PROBLEM TO SOLVE:
Write out, please, each line from the one containing "XLDreams Imported Boutique" to the final line of the data, both included, exactly and without pictures.

——————————

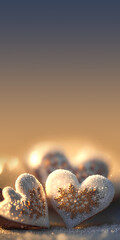 Canvas Print - 3D Render of Shiny Glittery Hearts With Golden Snowflakes On Bokeh Background. Love Concept.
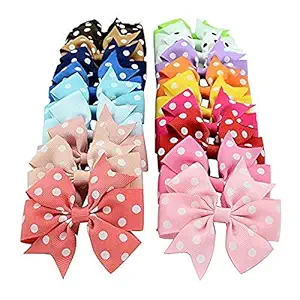 XLDreams Imported Boutique Baby Girls Colorful Polka-Dots Grosgrain Ribbon 3 Inch Hair Bows with Alligator Clips (Multicolour) - Pack of 5 Pieces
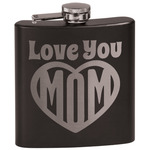 Love You Mom Black Flask Set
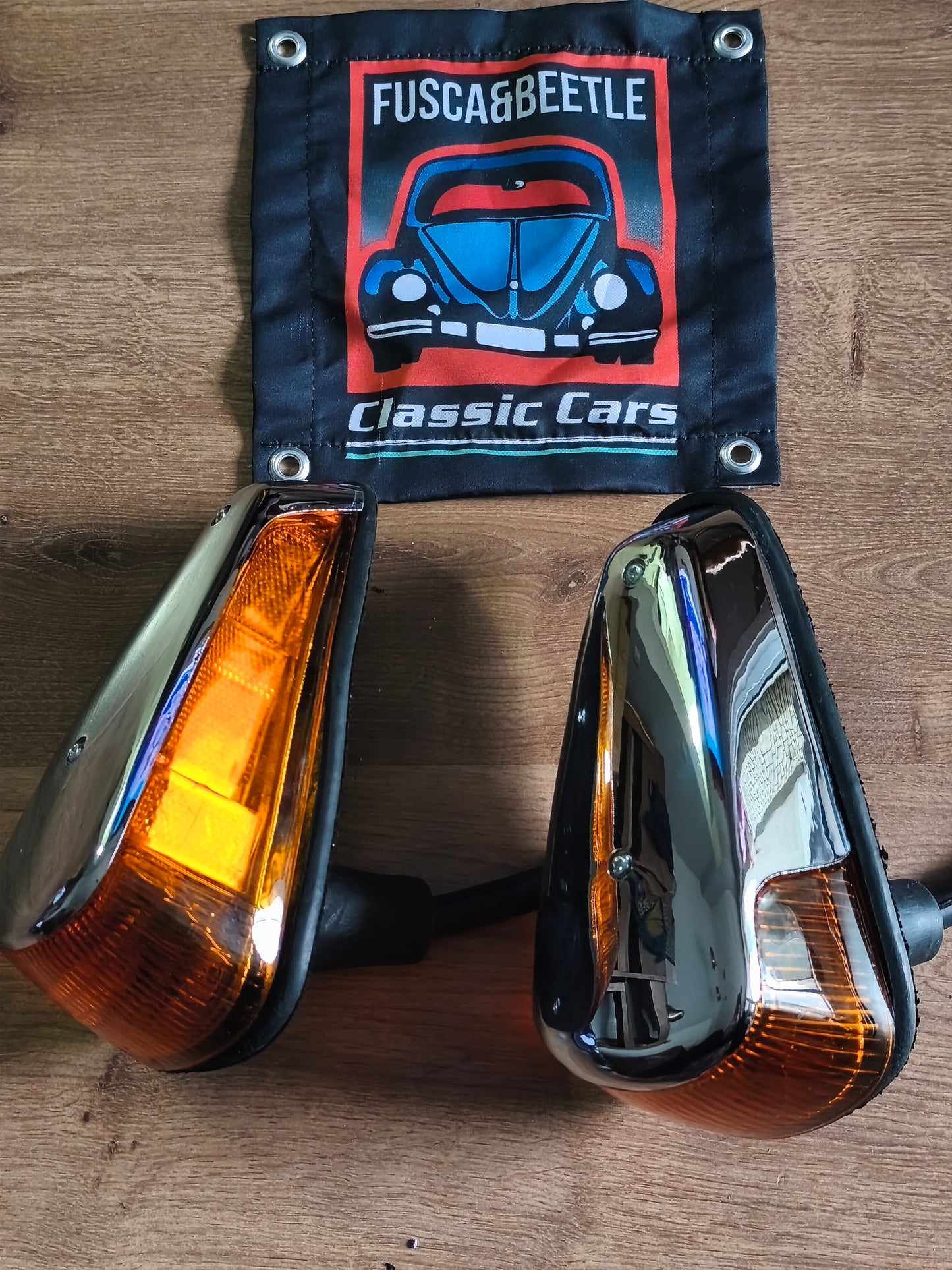 Set of front turn signals with wire tubes, left and right pair, VW Beetle T1 1970-1979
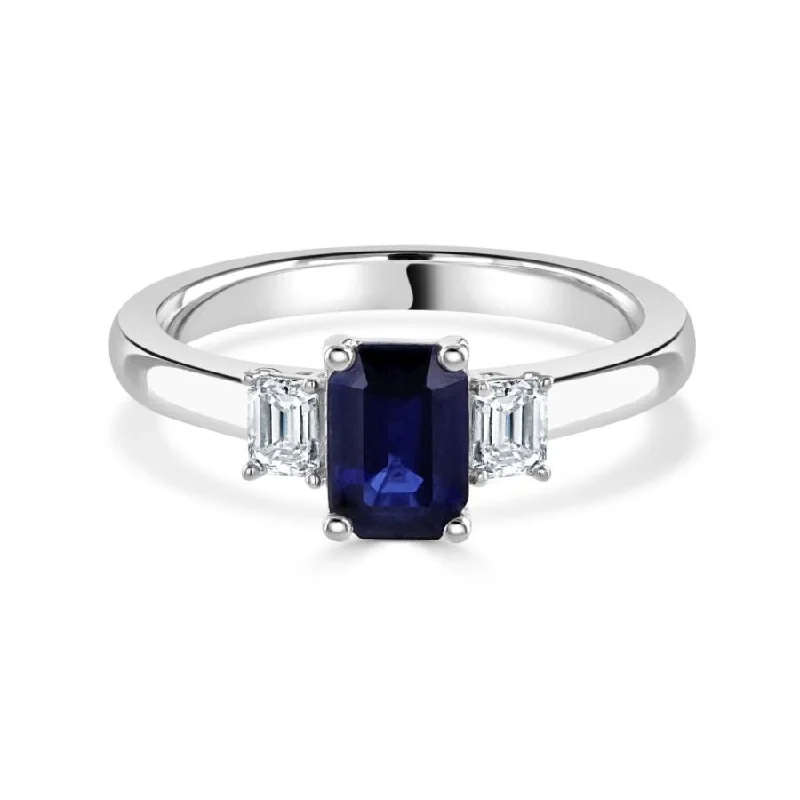 Oval marquise engagement rings-Platinum Octagonal Cut Sapphire & Diamond Trilogy Ring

——————————

OUTPUT:
 XLDreams Imported Boutique Baby Girls Colorful Polka-Dots Grosgrain Ribbon 3 Inch Hair Bows with Alligator Clips (Multicolour) - Pack of 5 Pieces
 Love You Mom Black Flask Set
 Set of front turn signals with wire tubes, left and right pair, VW Beetle T1 1970-1979
 Oval marquise engagement rings-Platinum Octagonal Cut Sapphire & Diamond Trilogy Ring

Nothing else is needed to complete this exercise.